Used jewelry doesn’t sound quite as glamorous as other terms used to signify items that have been previously owned, does it? Sellers use more intriguing terms, like vintage jewelry, antique jewelry, estate jewelry, and retro jewelry. Some consumers like the sound of the terms, but they might not understand what each one really means. And, of course, there’s some overlap in the different terminology used, so it can get somewhat confusing. If you’re a novice at buying used rings, bracelets, pendants, and such, you’ll benefit from a little information before you head out to go shopping for jewelry. Below, I explain the differences among vintage jewelry, antique jewelry, estate jewelry, and retro jewelry. I also discuss some of the most popular historical periods for jewelry, along with some of the most common types seen in each period. When you shop for jewelry with some basic knowledge, you should definitely do a better job. At least you’ll have a few ideas about what to look for in your search. Happy jewelry shopping!
I’m sure you’ve heard of vintage jewelry, but do you really know what the term means? If you don’t, you shouldn’t feel alone. Even experts have different ideas about what constitutes vintage items. With jewelry, vintage usually means jewelry that is a good or excellent representation of a specific period. Such items are usually high quality, with genuine gemstones and/or real gold, silver, or platinum. The craftsmanship and attention to detail should be evident.
Some of the most sought-after jewelry comes from the Edwardian period, the Victorian period, and the Art Deco period. These are historical periods that were important in the making and wearing of specific styles of jewelry. Not familiar with all these eras? I’ll provide you with some information.
The Victorian period is the oldest of the ones I’ve mentioned. Historians don’t always agree with the exact years included in the era. It can be described as the reign of England’s Queen Victoria, from 1837 until 1901, or it can be said to begin with the 1832 Reform Act of Parliament. Although the Victorian era was part of British history, it had a huge impact on the United States and on the American public. Many of our customs and traditions at the time were influenced by those from “across the pond.” America’s answer to the Victorian period was the Gilded Age, which occurred between 1877 and 1893.
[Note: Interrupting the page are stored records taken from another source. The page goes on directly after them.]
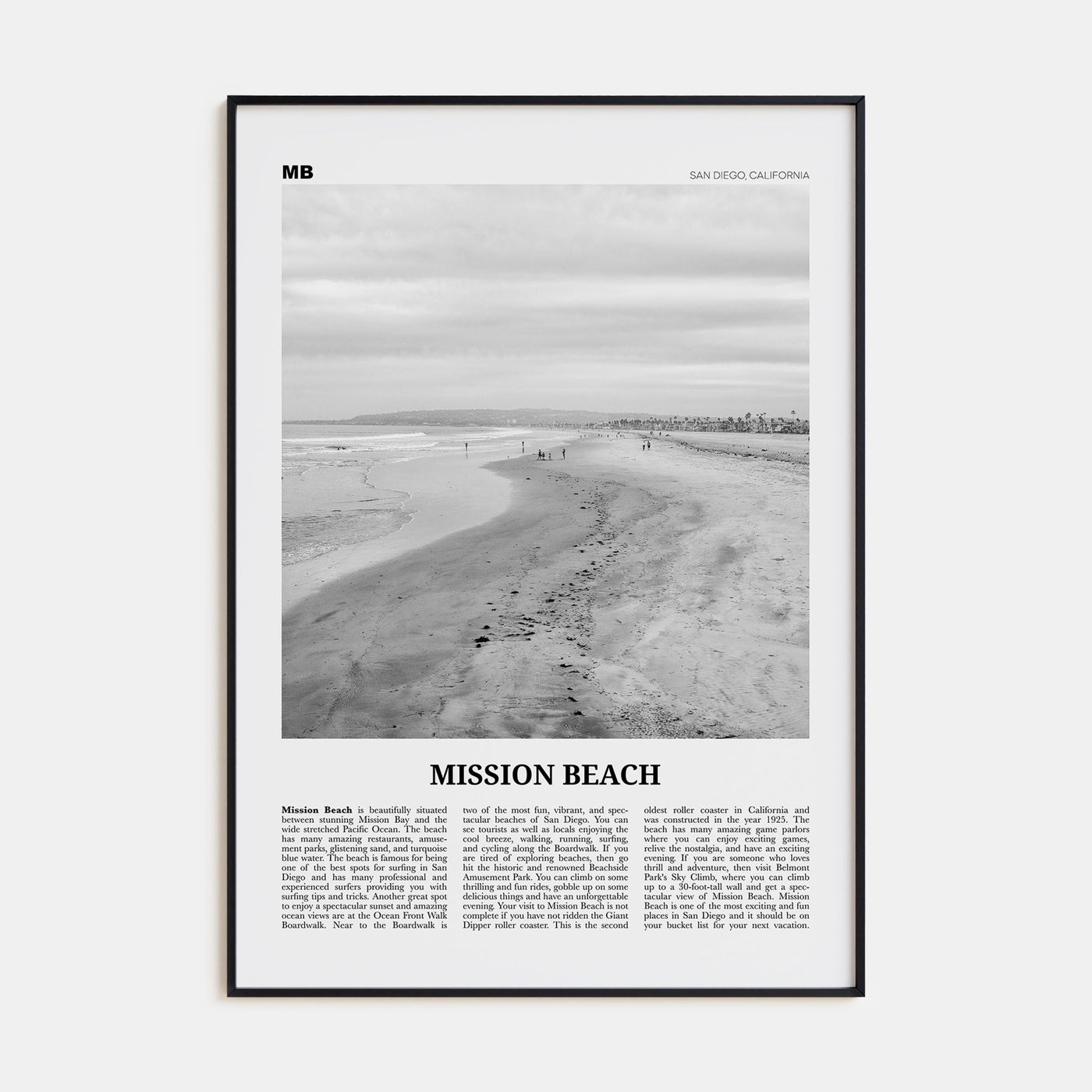 Mission Beach, San Diego Travel B&W No 2 Poster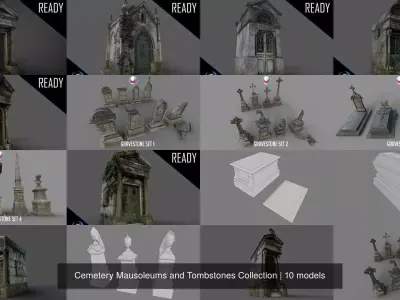 Cemetery Mausoleums and Tombstones Collection 3D Model Pack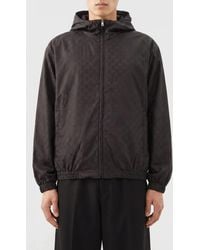 Gucci - Gg Monogram Nylon Hooded Windbreaker Jacket - Lyst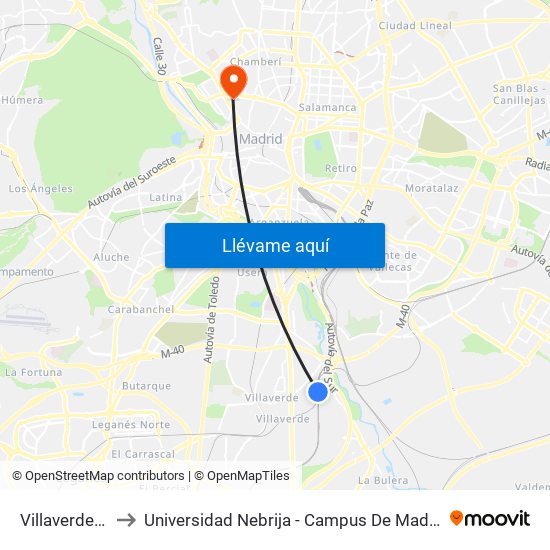 Villaverde Bajo to Universidad Nebrija - Campus De Madrid-Princesa map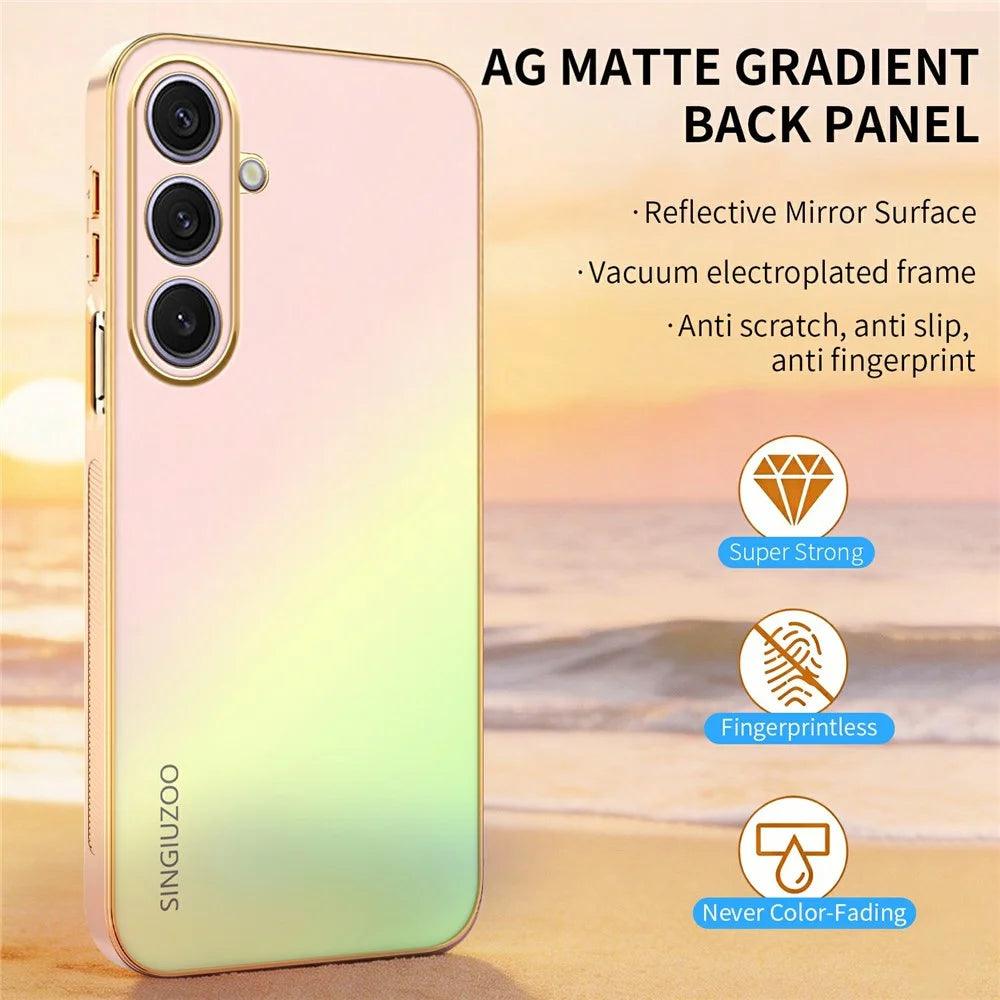 SINGIUZOO For Samsung Galaxy S25+ Case Electroplated AG Matte Gradient Color PC + TPU Phone Cover - Pink - 5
The Victorian era saw the rise of a powerful and prosperous middle class, and that’s often reflected in the wide range of vintage jewelry from the time. Many items were useful as well as decorative, including belt buckles, combs for the hair, cufflinks, kilt pins, pocket snuff boxes, pocket watches, and clasps and fasteners. Of course, many items were purely ornamental, including pendants, lockets, brooches, rings, earrings, bracelets, bangles, and necklaces. Gold replaced platinum as the most popular metal, and affordable gold-filled jewelry began to be made.
Some of the most popular gemstones during this era were diamonds, pearls, amethysts, emeralds, turquoise, jet, garnets, rubies, coral, sapphires, onyx, and aquamarine. Some of the most popular designs and motifs were flowers, birds, snakes, letter initials, Greek gods and goddesses, crescents, scarab beetles, leaves, hearts, stars, and crosses. Cameos were also extremely popular.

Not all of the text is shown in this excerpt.